Folly Beach park to open again?
FOLLY BEACH — A quick scan says the beachfront county park here is lost: uprooted trees, flattened dunes, overwashed marsh, the old office stranded on pilings in the surf.
But Charleston County Park and Recreation Commission officials now say the Folly park could reopen as soon as June.
The commission just applied for permits to renourish the beach and build a groin 200 feet out to sea. The paperwork was filed with the Army Corps of Engineers after a study by Coastal Science and Engineering renourishment guru Tim Kana indicated the groin could keep enough sand in place to prevent Folly Beach from eroding quicker than periodic renourishment could replace it.
Sand would be dredged from nearby high spots in the Folly River.
“It appears the fixes will work if we do it right,” said Tom O’Rourke, commission executive director. At the park now, the bathrooms and showers have been lost, only a portion of the parking lot remains, but “every single thing we’ll try to build back, and you know what else? We think we’ll be able to do it,” he said.
The project would cost $3 million, but parks officials have the funds in bond money and reserves.
Work couldn’t begin until March, at the earliest, since federal threatened-species shorebirds feed on the winter beach.
The bigger problem might be the groin.
Groins are barriers, usually made of rock or wood, built from the dunes into the ocean. They are controversial because they interrupt the flow of sand in shore currents, building beach sand upstream but depleting it downstream. They are discouraged by state coastal policy.

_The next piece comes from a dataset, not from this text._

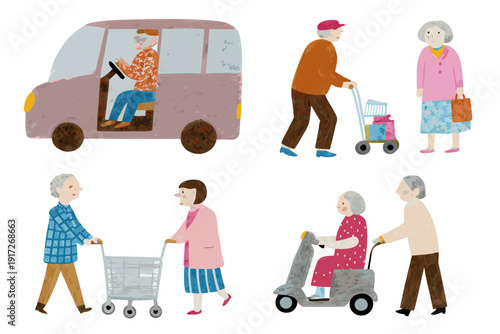 Illustration depicting senior citizens with mobility aids and a vehicle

Groin permits can take a year or two to decide and are hard to win.
But the commission won a permit for a 670-foot-long groin in 2003, and a groin could help protect nearby Bird Key Stono, a critical shorebird rookery.
The 2003 groin wasn’t built because the city of Folly Beach renourished the entire beach.

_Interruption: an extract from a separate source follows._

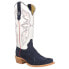 R. Watson Boots Midnight Blue Rough Out Embroidered Square Toe Cowboy Womens Si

The typical length of a permit decision is about four months, but it’s too soon to say whether a decision could be made even by March, said Sara Corbett, of the Army Corps.

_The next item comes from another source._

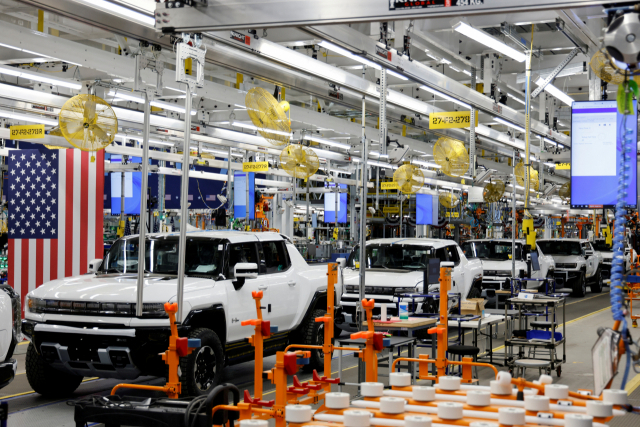 미국 디트로이트 제너럴모터스(GM)의 전기차 생산 공장 모습. /연합뉴스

“We don’t even reference the earlier permit. It’s a whole new project. We go by the current permit,” she said.
The popular park, built on a spit of land on the west end of Folly Beach, closed in August 2011 after huge waves from passing Hurricane Irene tore through the dunes and crossover boardwalks. Since then, surf erosion has progressively destroyed park features.
To rebuild, “what we are going to have to do is start over,” O’Rourke said, and the park might not fully be restored when it’s reopened. But features such as temporary bathrooms, at least, will be in place.
“If we can just get people out to the beach, we’ll worry about the rest later,” he said.